You'll Like This Car If...
If a plush and quiet ride is more important to you than sharp handling, the Verano sedan is ready to be your sanctuary on wheels. Turbo versions add a cherry on top with quick acceleration and plenty of passing power for not a lot more money.
You May Not Like This Car If...
If you equate a luxury sedan with performance handling or a roomy interior, the Verano may not appeal. The Acura ILX feels more nimble, while the larger Buick Regal offers extra space to stretch out, especially for rear-seat passengers.
What's New for 2014
Forward-collision alert and lane-departure warning join the Buick's impressive list of safety features. The Verano's tech system gets smarter with text message support and Siri Eyes Free, a voice-recognition system that works with Apple's iPhone.
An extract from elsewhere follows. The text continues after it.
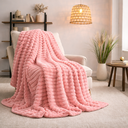 Ver imagem 4 de Manta Soft Canelada Frio Casal 2,00m x 1,80 Aveludado Rosê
If there's one word to describe the Verano, it's "comfortable." That shouldn't come as a surprise since it's a Buick, but it is a significant distinguisher among compact sedans. Where other entry-level luxury sedans strive to be sporty, this one puts on few such airs. Its non-independent torsion-beam rear suspension may seem dated, but the setup works with aplomb to soak up bumps. The Verano glides over roads like a little cloud. Sound isolation is equally impressive. With the standard 180-horsepower 4-cylinder engine and 6-speed automatic transmission, the Verano's performance is acceptable but not exceptional. Opt for the impressive turbocharged engine and you gain 70 horsepower while sacrificing only one or two mpg. The Verano Turbo is a zippy little car that can go 0-60 mph in just over six seconds. The turbo model's suspension is slightly stiffer, but it's still no corner carver. Brake response and pedal feel on our test car was mushy and subpar.
Buick says the 2014 Verano is intended to be the quietest compact sedan on the road, and we believe it. More than mere marketing lingo, its QuietTuning technology effectively quells unwanted noise and vibration.
Pony up to a top-line version of the Verano, and you'll get plenty of just that. With 250 horsepower on tap, Buick's compact 4-door can effortlessly get up to speed on freeways and breeze past slower traffic once there. Better yet, the turbo power comes on smoothly and with minimal lag.